Jakarta, Lapan6online.com : Diketahui, Presiden Jokowi meminta agar kebijakan pembatasan sosial berskala besar (PSBB) diterapkan disertai penerapan darurat sipil guna menghadapi wabah virus corona (Covid-19).
Jokowi mengatakan bahwa negara ini perlu menerapkan kebijakan darurat sipil. Kebijakan tersebut diperlukan untuk memberlakukan aturan physical distanding dalam skala luas secara tegas, efektif, dan disiplin. Kebijakan ini akan diambil jika masalah virus corona ini tidak kunjung membaik.
“Saya minta kebijakan pembatasan sosial berskala besar, physical distancing, dilakukan lebih tegas, lebih disiplin dan lebih efektif lagi sehingga tadi sudah saya sampaikan, bahwa perlu didampingi adanya kebijakan darurat sipil,” kata Jokowi, di Istana Bogor, Senin 30 Maret 2020.
Lalu apa sebenarnya “Darurat Sipil” yang akan diberlakukan oleh Jokowi jika Indonesia makin memburuk karena corona, dan bagaimana prosedurnya?
Melansir artikel yang dirilis oleh Rizky Prasetya Redaktur situs Mojok.co disebutkan, Darurat sipil diatur oleh Perppu nomor 23 tahun 1959 tentang Keadaan Bahaya.
Dalam Perppu tersebut, darurat sipil adalah keadaan bahaya yang ditetapkan oleh Presiden/Panglima Tertinggi Angkatan Perang untuk seluruh atau sebagian wilayah negara.
Kebijakan tersebut ditetapkan jika Presiden/Panglima Tertinggi Angkatan Perang menyatakan bahwa wilayah NKRI ditetapkan dalam bahaya. Bahaya yang dimaksud adalah yang pertama saat ada ancaman perang, kerusuhan, pemberontakan. Yang kedua adalah timbul perang dan bahaya perkosaan. Yang ketiga, hidup negara dalam ancaman bahaya.
Kebijakan tersebut hanya bisa dilaksanakan oleh Presiden, dan dibantu oleh badan yang dibentuk oleh Presiden.
Badan tersebut berisi Menteri pertama, Menteri Pertahanan, Menteri Dalam Negeri, Menteri Luar Negeri, Kepala Staf Angkata Darat, Kepala Staf Angkatan Laut, Kepala Staf Angkatan Udara, dan Kepala Kepolisian Negara.
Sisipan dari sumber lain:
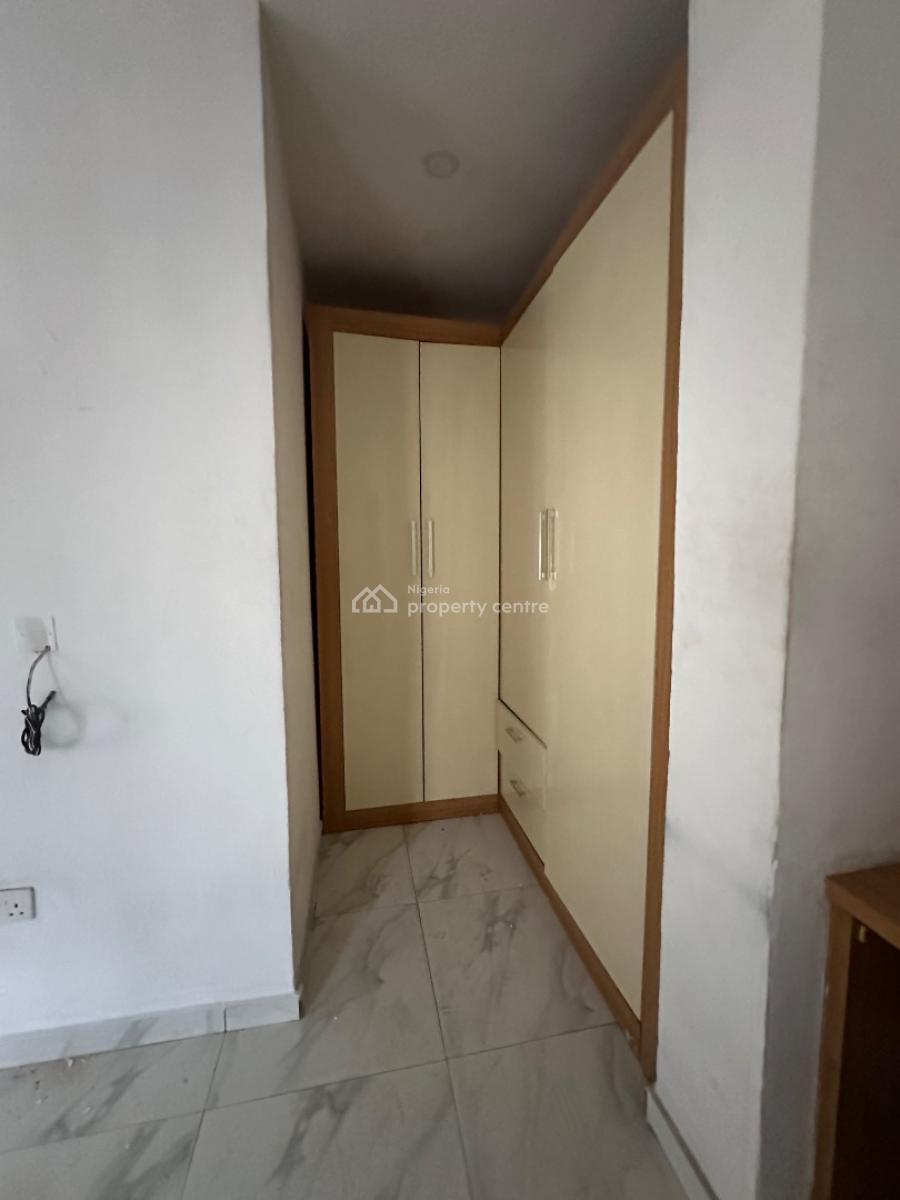 Specious 4bedroom Terrace Duplex with Private Compound, Osapa, Lekki, Lagos, Terraced Duplex for Rent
Presiden bisa mengangkat pejabat lain untuk masuk di badan tersebut. Ya terserah presidennya lah, orang cuma dia yang bisa.
Di level daerah, kekuasaan dipegang oleh Kepala Daerah tingkat II yaitu Bupati atau Wali Kota. Tapi tetep harus mengikuti arahan dari penguasa pusat. Hanya saja, ketika pusat menghapus aturan tersebut, kepala daerah harus tetap memberlakukannya selama 4 bulan.
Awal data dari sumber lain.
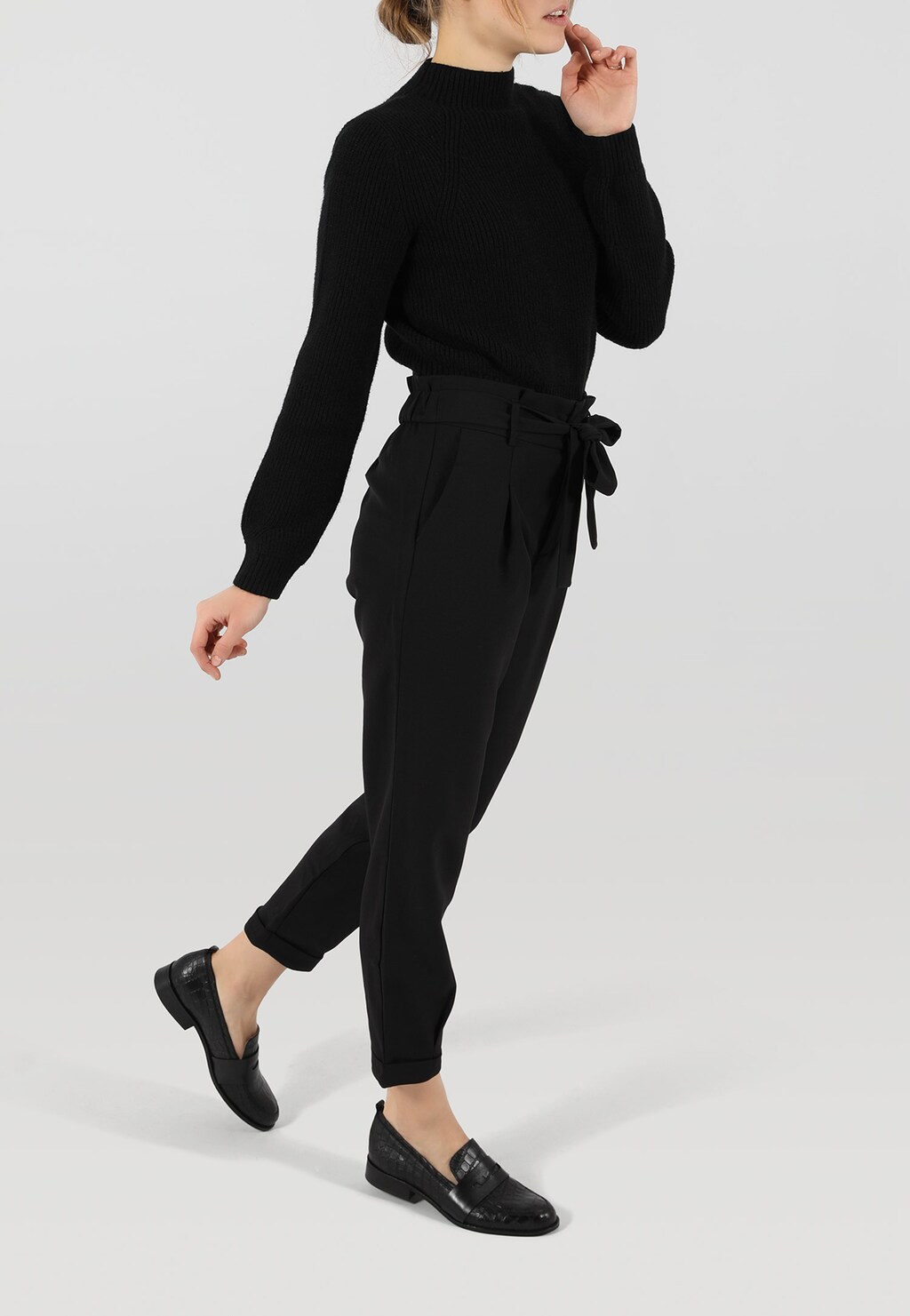 Černé mokasíny dámské s imitací krokodýlí kůže 46004-51 Widok 1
Untuk kasus kali ini, Jokowi meminta karantina kesehatan, khususnya karantina wilayah, tetap jadi kepentingan pusat. Daerah tidak berwenang untuk melaksanakan tersebut dan hanya menjalankan perintah dari pusat.
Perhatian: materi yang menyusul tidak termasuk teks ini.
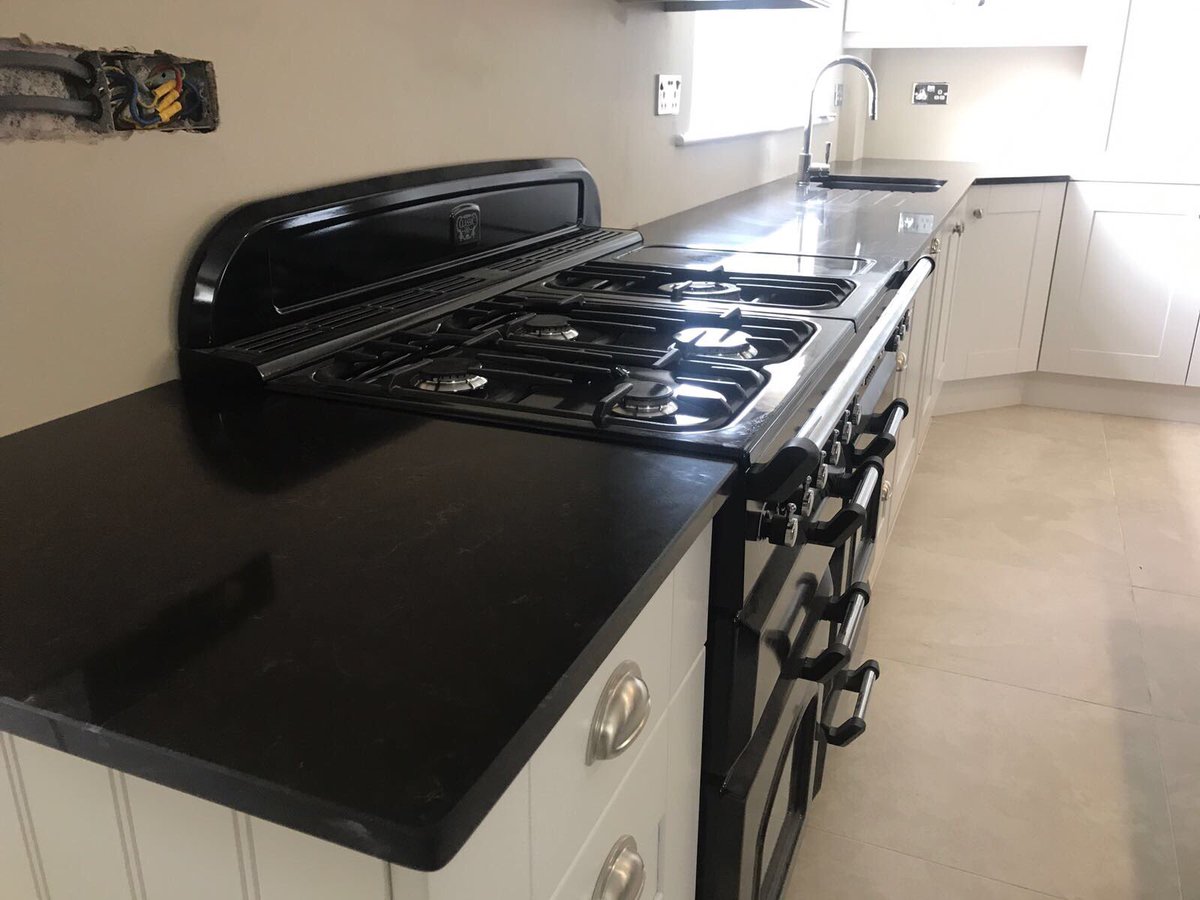 #quartz worktop#surfacestone#fitted today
Yang perlu diperhatikan adalah aturan tersebut berbeda dengan karantina wilayah. Karantina wilayah mewajibkan pemerintah untuk memberi warga negara bantuan, sedangkan untuk darurat sipil, pemerintah tak punya kewajiban untuk memenuhi kebutuhan warga negara saat diberlakukan.
Yang bisa kita lakukan sebagai warga negara adalah segera mempersiapkan diri untuk menghadapi diberlakukannya aturan itu.
Meski diberlakukan pembatasan sosial ekstrem yang disertai darurat sipil, Jokowi meminta apotek dan toko kebutuhan pokok tetap buka.
“Saya juga minta dan pastikan bahwa apotek dan toko-toko penyuplai kebutuhan pokok bisa tetap buka untuk melayani kebutuhan warga dengan tetap menerapkan protokol jaga jarak yang ketat,” tandasnya.